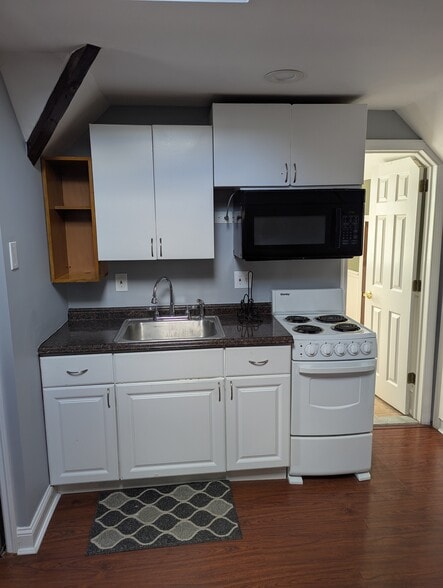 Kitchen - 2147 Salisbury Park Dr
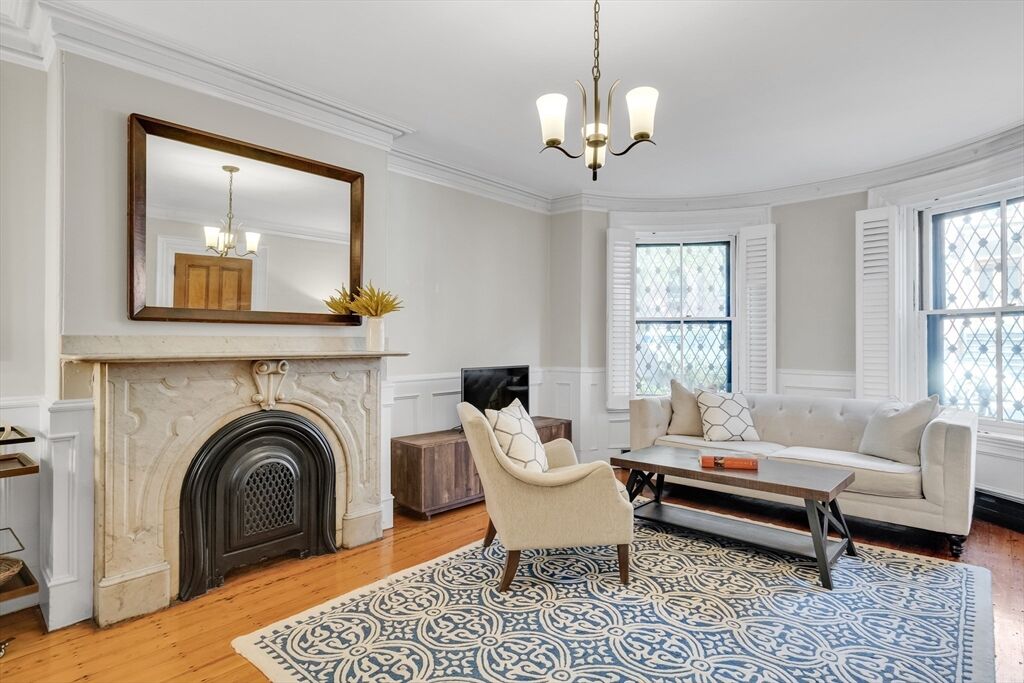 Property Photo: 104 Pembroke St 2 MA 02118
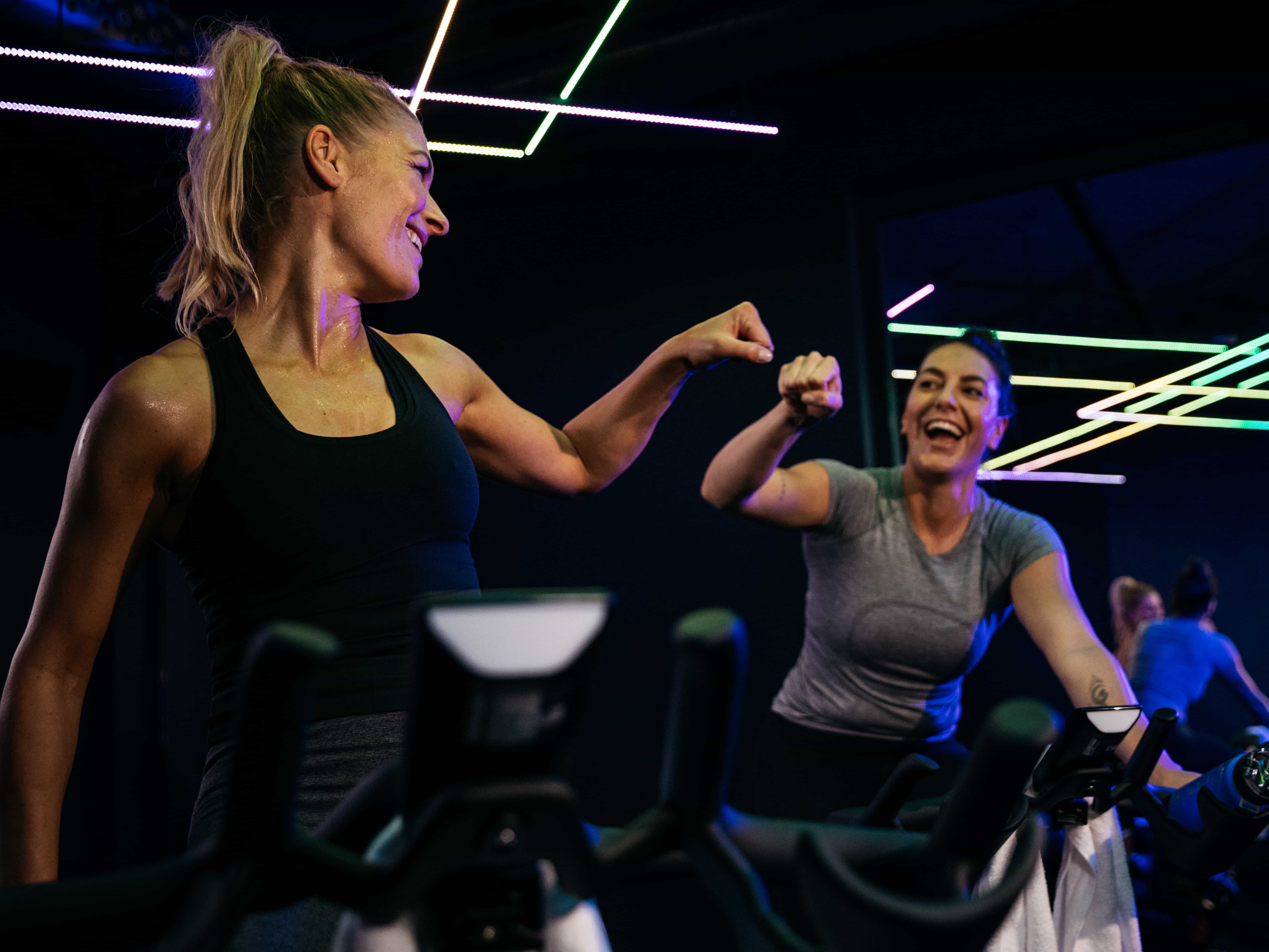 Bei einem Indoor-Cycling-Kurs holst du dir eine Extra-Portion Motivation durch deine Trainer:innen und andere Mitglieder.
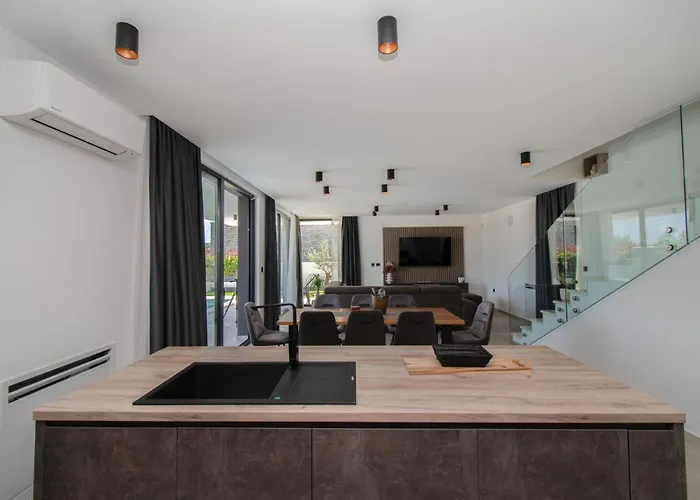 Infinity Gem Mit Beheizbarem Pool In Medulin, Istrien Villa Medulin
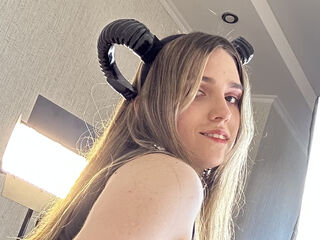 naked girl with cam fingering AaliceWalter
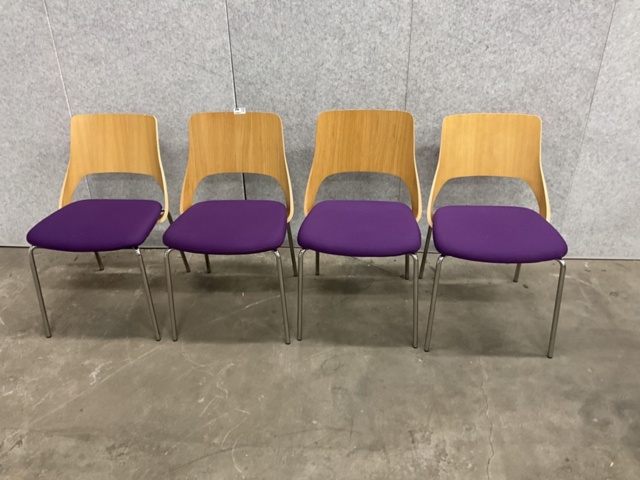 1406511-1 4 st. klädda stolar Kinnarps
------------------------
Every line from the line containing "Bei einem Indoor-Cycling-Kurs" through the last line above is to be printed exactly. Pictures are not copied.

 Bei einem Indoor-Cycling-Kurs holst du dir eine Extra-Portion Motivation durch deine Trainer:innen und andere Mitglieder.
 Infinity Gem Mit Beheizbarem Pool In Medulin, Istrien Villa Medulin
 naked girl with cam fingering AaliceWalter
 1406511-1 4 st. klädda stolar Kinnarps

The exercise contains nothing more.